- Data to examine:

§

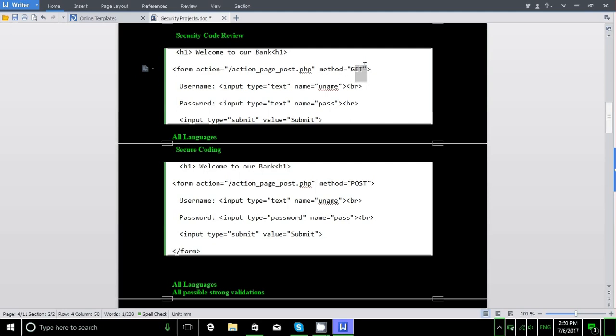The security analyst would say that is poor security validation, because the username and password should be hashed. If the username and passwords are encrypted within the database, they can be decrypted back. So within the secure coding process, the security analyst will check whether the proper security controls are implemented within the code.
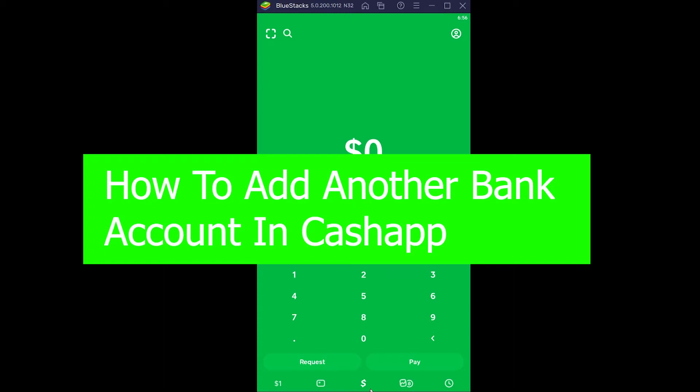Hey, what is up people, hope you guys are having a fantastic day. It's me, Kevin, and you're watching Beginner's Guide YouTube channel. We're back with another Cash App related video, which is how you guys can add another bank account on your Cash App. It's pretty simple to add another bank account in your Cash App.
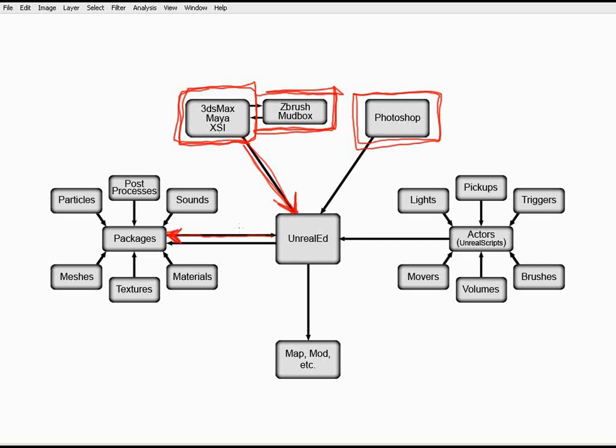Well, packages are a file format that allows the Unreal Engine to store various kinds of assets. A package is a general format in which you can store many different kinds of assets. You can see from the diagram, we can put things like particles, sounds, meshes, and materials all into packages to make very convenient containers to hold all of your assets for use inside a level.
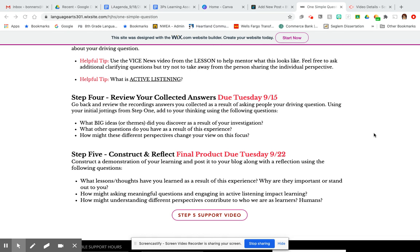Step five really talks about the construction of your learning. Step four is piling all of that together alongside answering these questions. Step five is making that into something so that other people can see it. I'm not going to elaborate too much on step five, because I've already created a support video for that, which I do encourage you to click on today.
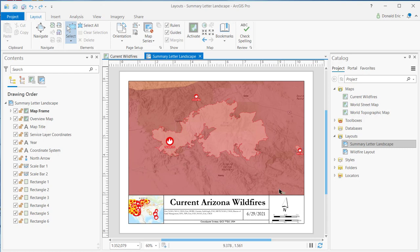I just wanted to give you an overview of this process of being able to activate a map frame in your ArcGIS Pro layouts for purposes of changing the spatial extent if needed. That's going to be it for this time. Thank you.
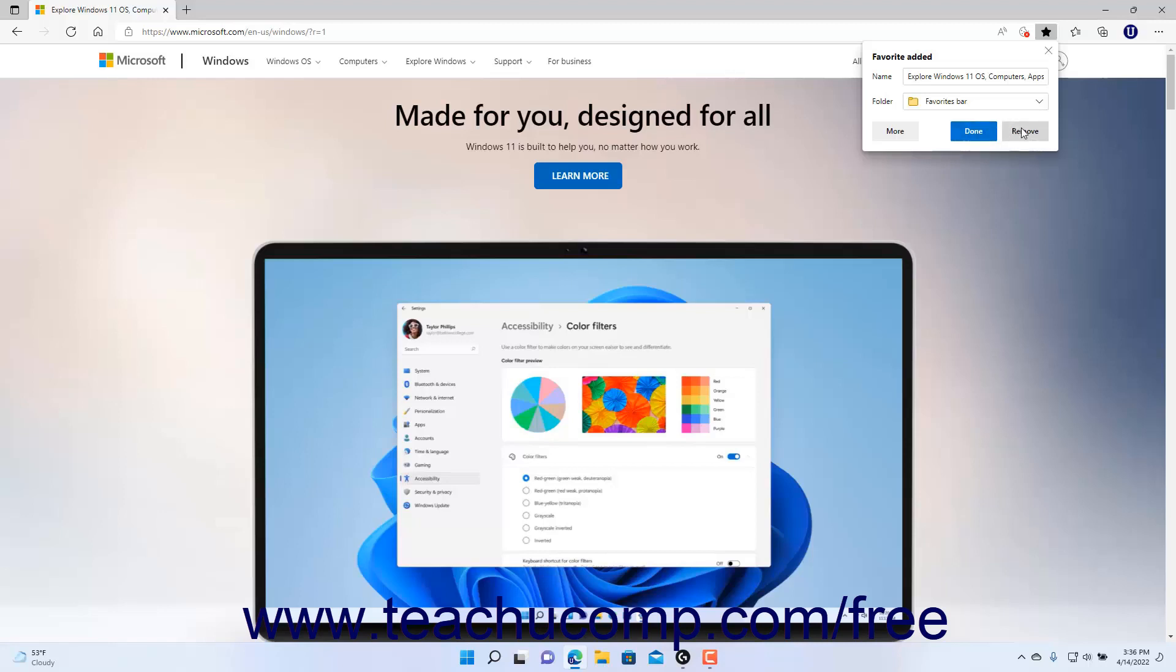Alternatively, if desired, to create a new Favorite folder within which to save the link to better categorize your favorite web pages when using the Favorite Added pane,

§

Please transcribe each entry exactly and exclude any image it contains.

The security analyst would say that is poor security validation, because the username and password should be hashed. If the username and passwords are encrypted within the database, they can be decrypted back. So within the secure coding process, the security analyst will check whether the proper security controls are implemented within the code.
Hey, what is up people, hope you guys are having a fantastic day. It's me, Kevin, and you're watching Beginner's Guide YouTube channel. We're back with another Cash App related video, which is how you guys can add another bank account on your Cash App. It's pretty simple to add another bank account in your Cash App.
Well, packages are a file format that allows the Unreal Engine to store various kinds of assets. A package is a general format in which you can store many different kinds of assets. You can see from the diagram, we can put things like particles, sounds, meshes, and materials all into packages to make very convenient containers to hold all of your assets for use inside a level.
Step five really talks about the construction of your learning. Step four is piling all of that together alongside answering these questions. Step five is making that into something so that other people can see it. I'm not going to elaborate too much on step five, because I've already created a support video for that, which I do encourage you to click on today.
I just wanted to give you an overview of this process of being able to activate a map frame in your ArcGIS Pro layouts for purposes of changing the spatial extent if needed. That's going to be it for this time. Thank you.
Alternatively, if desired, to create a new Favorite folder within which to save the link to better categorize your favorite web pages when using the Favorite Added pane,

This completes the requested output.